Atraksi Bambu Gila Bergerak karena Hantu? Ah Mitos!

KOTA MALANG – Bambu Gila merupakan atraksi asal Maluku yang sering kali dikaitkan dengan hal-hal mistis. Pasalnya, badan pemain yang beratraksi dalam Bambu Gila dapat bergerak tak tentu arah dan hal tersebut kabarnya digerakkan oleh roh atau hantu.

Namun kabar hal mistis dari Bambu Gila atau di tanah Jawa disebut Pring Edan itu dipatahkan. Adalah Tim Praktikum Ilmu Komunikasi Universitas Muhammadiyah Malang (UMM) yang membuktikan tersebut hari ini, Minggu (8/25) dalam acara “Nyai Phutut Festival” di Kampung Padepokan, Kelurahan Janti, Kota Malang.

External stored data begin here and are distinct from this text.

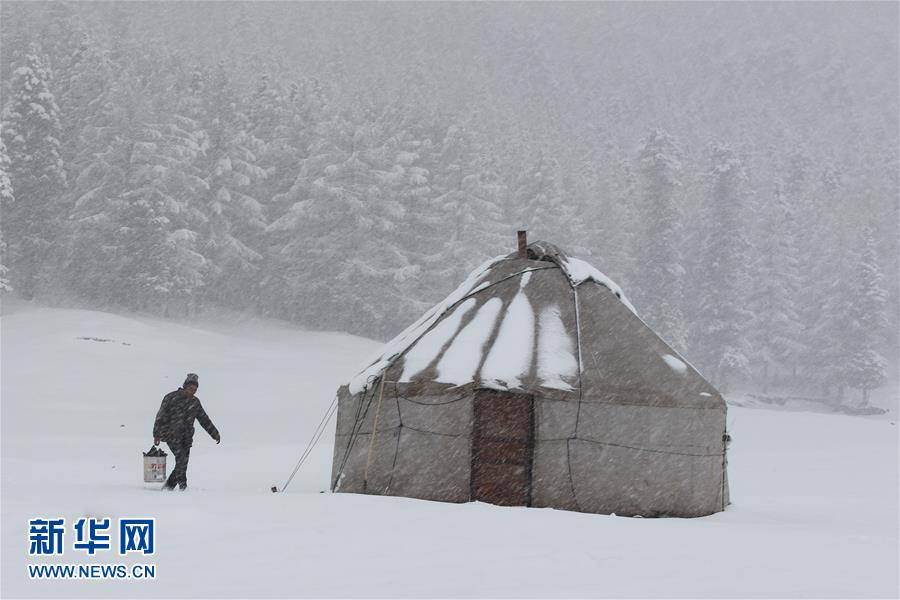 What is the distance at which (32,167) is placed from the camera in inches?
1802

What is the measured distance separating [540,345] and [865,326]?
48743 mm

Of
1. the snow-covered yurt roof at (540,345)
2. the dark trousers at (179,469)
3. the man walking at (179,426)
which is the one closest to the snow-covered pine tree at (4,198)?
the man walking at (179,426)

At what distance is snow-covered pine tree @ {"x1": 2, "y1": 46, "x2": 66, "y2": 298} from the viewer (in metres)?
45.5

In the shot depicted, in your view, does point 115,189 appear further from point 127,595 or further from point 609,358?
point 127,595

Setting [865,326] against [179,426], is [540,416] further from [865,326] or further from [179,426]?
[865,326]

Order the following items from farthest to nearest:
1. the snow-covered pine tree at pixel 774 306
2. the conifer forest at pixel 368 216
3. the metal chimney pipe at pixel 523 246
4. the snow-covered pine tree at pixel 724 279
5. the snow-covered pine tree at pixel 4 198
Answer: the snow-covered pine tree at pixel 774 306, the snow-covered pine tree at pixel 724 279, the conifer forest at pixel 368 216, the snow-covered pine tree at pixel 4 198, the metal chimney pipe at pixel 523 246

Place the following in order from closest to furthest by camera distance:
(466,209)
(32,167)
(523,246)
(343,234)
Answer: (523,246) < (32,167) < (343,234) < (466,209)

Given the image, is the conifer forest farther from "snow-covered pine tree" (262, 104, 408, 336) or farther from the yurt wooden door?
the yurt wooden door

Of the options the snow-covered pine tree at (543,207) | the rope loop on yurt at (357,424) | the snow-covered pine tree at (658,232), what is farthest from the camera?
the snow-covered pine tree at (658,232)

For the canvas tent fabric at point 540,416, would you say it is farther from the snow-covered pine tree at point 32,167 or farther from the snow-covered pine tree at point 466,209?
the snow-covered pine tree at point 32,167

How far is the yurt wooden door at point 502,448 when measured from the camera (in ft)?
37.3

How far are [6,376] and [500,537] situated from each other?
21828 millimetres

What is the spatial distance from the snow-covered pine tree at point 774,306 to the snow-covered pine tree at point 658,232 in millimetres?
4379

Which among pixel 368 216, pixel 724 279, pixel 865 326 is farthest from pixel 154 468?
pixel 865 326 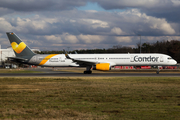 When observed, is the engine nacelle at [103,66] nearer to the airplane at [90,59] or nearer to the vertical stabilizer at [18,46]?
the airplane at [90,59]

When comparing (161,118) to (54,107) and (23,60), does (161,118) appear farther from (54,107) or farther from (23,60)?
(23,60)

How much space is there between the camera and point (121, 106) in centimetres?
1073

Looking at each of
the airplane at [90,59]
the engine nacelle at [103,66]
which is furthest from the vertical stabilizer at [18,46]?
the engine nacelle at [103,66]

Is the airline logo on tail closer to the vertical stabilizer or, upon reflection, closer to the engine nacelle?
the vertical stabilizer

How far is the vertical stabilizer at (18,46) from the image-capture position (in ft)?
136

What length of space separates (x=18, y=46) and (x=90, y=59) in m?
14.3

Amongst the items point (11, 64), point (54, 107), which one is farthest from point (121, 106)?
point (11, 64)

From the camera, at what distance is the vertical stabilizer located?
41.4m

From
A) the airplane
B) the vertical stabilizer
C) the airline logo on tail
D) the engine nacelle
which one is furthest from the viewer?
the airline logo on tail

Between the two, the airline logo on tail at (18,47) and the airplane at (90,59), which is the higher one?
the airline logo on tail at (18,47)

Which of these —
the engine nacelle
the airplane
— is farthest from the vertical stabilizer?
the engine nacelle

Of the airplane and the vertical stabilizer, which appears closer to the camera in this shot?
the airplane

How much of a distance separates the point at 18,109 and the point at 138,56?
A: 104ft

Dipandu budayawan Pemilik Padepokan Janti, Yongki Irawan, beberapa mahasiswa awalnya kaget dengan bergeraknya sendiri badan mereka ketika memegang bambu. Hal itu terjadi setidaknya dua kali percobaan, dari pantauan radarmalang.id.

“Kok gerak ya kenapa? Aneh,” heran salah satu pemain Pring Edan.

Namun, keheranan mereka terjawab, ketika Yongki meyuruh pemain Pring Bambu untuk melingkar tanpa menggunakan bambu. Ada 10 mahasiswa yang diatur Yongki untuk berkumpul dan mempererat barisan dengan bergandengan tangan.



“Sekarang rapatkan barisan. Tetap konsentrasi. Tarik nafas-nafas dan diam,” kata Yongki.

Alhasil, beberapa mahasiswa yang membentuk lingkaran tersebut tiba-tiba bergerak sendiri. Beberapa nampak hampir kehilangan keseimbangan. Pergerakan merekapun menyerupai gerakan tak terarah ketika melakukan atraksi Bambu Gila.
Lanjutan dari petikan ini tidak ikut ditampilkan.